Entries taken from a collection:
____

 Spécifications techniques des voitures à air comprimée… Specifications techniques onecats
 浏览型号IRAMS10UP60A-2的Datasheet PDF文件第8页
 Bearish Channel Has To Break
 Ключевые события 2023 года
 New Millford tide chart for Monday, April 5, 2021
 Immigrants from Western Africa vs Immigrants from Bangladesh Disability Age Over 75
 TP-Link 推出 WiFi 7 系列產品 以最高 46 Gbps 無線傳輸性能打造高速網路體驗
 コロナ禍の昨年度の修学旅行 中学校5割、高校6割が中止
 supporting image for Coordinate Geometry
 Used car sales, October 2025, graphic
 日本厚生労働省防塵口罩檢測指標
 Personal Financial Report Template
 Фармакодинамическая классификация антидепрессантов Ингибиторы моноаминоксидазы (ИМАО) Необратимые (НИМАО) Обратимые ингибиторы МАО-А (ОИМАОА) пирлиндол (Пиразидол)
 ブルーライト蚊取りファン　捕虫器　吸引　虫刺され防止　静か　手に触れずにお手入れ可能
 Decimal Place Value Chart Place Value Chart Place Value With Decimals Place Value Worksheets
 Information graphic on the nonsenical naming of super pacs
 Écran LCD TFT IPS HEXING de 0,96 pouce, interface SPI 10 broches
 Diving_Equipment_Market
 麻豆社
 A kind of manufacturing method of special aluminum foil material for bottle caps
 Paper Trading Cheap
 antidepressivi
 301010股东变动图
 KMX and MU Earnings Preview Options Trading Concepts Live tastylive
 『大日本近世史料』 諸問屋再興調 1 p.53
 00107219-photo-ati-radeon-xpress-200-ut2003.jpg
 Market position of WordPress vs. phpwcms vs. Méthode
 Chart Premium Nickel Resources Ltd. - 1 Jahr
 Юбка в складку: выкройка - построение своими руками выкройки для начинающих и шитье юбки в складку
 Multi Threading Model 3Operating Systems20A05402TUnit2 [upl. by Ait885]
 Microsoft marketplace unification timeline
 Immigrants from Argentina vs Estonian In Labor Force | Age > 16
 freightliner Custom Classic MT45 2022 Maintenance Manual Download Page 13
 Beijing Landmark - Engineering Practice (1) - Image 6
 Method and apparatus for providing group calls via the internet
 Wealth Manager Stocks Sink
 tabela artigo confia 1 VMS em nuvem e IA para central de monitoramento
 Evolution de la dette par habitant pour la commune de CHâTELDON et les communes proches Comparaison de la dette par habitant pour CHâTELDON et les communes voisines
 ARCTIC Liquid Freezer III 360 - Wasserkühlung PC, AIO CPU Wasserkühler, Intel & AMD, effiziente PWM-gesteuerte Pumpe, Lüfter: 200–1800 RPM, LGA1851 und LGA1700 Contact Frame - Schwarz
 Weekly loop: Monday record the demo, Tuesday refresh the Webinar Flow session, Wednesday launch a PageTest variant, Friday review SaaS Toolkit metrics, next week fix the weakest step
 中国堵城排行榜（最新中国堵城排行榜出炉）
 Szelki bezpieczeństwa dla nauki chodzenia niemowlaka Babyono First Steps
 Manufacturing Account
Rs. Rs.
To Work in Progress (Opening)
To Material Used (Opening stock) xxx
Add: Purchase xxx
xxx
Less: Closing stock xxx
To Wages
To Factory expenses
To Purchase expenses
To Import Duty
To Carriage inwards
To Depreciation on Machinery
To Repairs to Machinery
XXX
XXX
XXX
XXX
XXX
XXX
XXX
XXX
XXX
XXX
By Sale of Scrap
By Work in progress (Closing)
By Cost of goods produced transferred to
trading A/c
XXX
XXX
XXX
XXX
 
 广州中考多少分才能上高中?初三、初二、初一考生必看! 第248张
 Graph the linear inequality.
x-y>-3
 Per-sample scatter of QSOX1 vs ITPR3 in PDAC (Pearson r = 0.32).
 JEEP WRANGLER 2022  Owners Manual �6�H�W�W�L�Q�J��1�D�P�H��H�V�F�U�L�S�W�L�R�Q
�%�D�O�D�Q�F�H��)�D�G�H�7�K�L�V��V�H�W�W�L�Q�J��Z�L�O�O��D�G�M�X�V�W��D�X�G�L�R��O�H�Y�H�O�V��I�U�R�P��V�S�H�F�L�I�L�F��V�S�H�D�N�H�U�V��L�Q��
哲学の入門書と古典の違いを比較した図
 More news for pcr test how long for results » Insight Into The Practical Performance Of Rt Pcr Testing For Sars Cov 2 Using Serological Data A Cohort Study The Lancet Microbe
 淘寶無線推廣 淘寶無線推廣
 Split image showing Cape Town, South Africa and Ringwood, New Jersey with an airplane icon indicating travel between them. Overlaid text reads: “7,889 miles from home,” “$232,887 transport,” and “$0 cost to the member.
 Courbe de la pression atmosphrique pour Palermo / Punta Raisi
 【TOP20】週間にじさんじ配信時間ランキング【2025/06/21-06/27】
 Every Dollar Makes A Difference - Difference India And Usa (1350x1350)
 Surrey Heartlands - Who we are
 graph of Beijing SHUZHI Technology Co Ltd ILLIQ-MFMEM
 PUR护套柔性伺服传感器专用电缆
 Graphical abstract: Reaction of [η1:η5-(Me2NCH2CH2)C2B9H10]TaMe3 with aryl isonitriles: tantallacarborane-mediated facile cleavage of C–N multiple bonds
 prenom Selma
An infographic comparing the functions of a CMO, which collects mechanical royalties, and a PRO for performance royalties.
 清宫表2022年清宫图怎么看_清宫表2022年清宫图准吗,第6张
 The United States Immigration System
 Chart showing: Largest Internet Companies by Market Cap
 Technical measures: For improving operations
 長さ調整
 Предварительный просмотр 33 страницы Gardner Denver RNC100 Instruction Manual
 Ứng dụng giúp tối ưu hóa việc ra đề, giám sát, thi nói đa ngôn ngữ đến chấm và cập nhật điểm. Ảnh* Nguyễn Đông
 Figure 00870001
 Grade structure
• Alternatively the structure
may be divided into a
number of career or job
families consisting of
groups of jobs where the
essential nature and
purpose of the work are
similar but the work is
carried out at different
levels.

____

[WHAT YOU HAVE TO DO] Only the lines from the one containing "purpose of the work are" through the last line of the records should appear, each written out exactly.

[ANSWER BELOW]
purpose of the work are
similar but the work is
carried out at different
levels.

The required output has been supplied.